▸ **INFORMATION SUPPLIED**
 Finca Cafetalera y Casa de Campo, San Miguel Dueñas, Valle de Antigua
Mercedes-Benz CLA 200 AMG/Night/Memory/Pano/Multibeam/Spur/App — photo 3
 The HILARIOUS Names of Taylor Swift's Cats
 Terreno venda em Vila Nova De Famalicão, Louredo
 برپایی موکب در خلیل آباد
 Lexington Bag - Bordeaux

---

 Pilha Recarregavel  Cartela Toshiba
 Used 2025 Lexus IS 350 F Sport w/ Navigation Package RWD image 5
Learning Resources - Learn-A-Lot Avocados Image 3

▸ **WHAT THE TASK REQUIRES**
The lines above from the one containing "Mercedes-Benz CLA 200" through the one containing "Lexington Bag - Bordeaux" are to be set down exactly, and no others.

▸ **TASK OUTPUT**
Mercedes-Benz CLA 200 AMG/Night/Memory/Pano/Multibeam/Spur/App — photo 3
 The HILARIOUS Names of Taylor Swift's Cats
 Terreno venda em Vila Nova De Famalicão, Louredo
 برپایی موکب در خلیل آباد
 Lexington Bag - Bordeaux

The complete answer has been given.